Chapter 9. Using Deep Learning and DL4J on Spark
Ten years on the road, making one night stand Speeding my young life away Tell me one more time just so I’ll understand Are you sure Hank done it this way? Did old Hank really do it this way?
Waylon Jennings, “Are You Sure Hank Done It This Way”
Introduction to Using DL4J with Spark and Hadoop
Two key datacenter technologies that have emerged in the past decade are Apache Hadoop and Apache Spark. Hadoop in particular has become the epicenter of data warehouse growth and evolution. Spark has succeeded MapReduce to become the mainline execution framework on Hadoop for running parallel iterative algorithms.
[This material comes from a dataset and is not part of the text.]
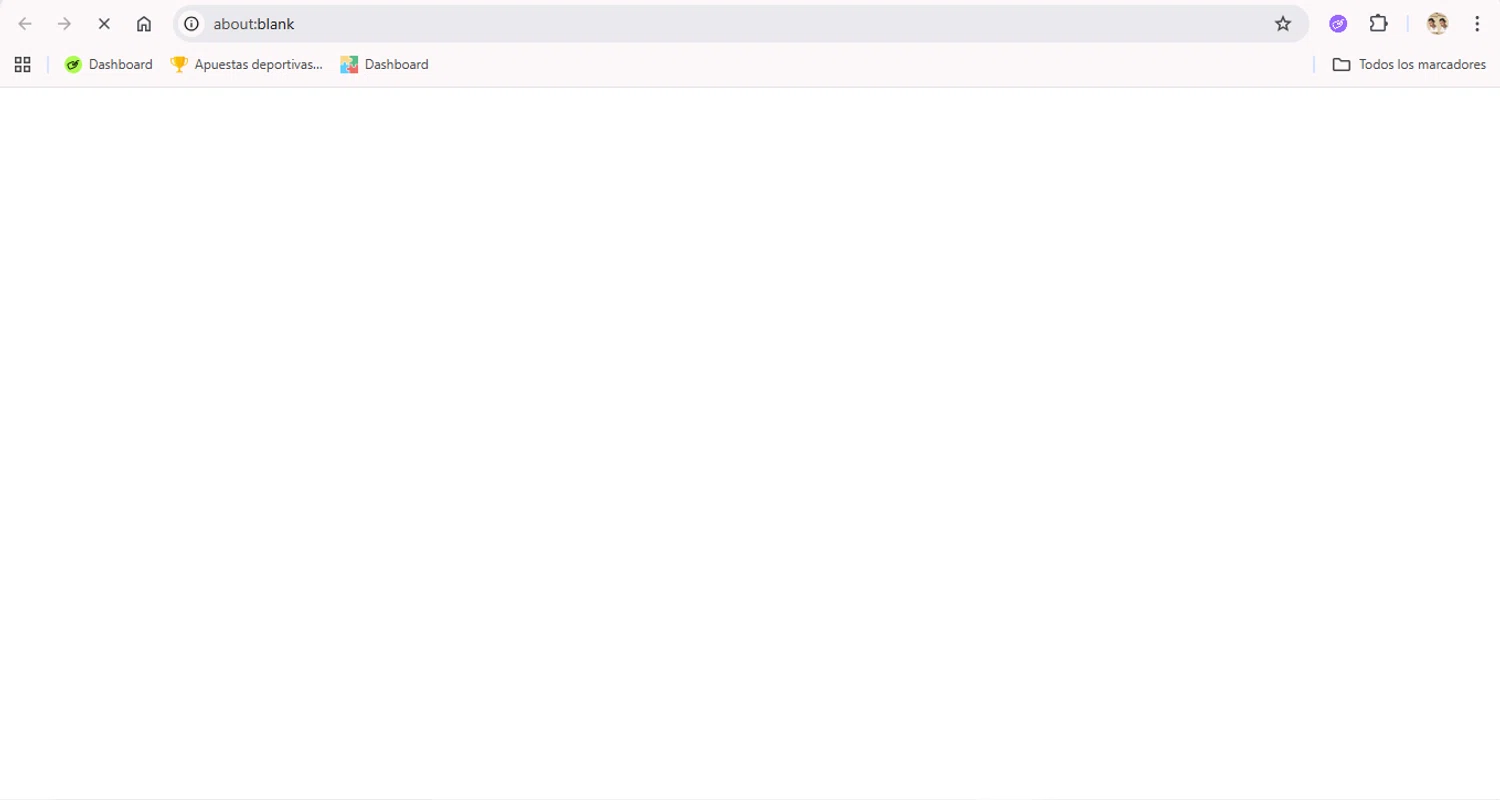 Whova promo code screenshot showing code TTW8Student applied at Whova checkout page. Uploaded by SimplyCodes community member LegendaryTitan9160 on Nov 4, 2025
DL4J supports scale-out of network training on Spark. We can use Spark execution for DL4J to significantly reduce the time required to train our networks. This scenario also gives us the option to mitigate increased training time as input size grows.
To the Cloud!
Platforms such as Amazon Web Services (AWS), Google Cloud, and Microsoft Azure makes it possible allow people to set up a Spark cluster on demand, for just a few dollars. DL4J is able to run on most public cloud infrastructure,1 giving practitioners flexibility in how and where they run their deep learning workflows.
Spark is a general parallel-processing engine that can execute on its own, on an Apache Mesos cluster, or on a Hadoop cluster via the Hadoop YARN (Yet Another Resource Negotiator) framework. It can work with data in the Hadoop Distributed File System ...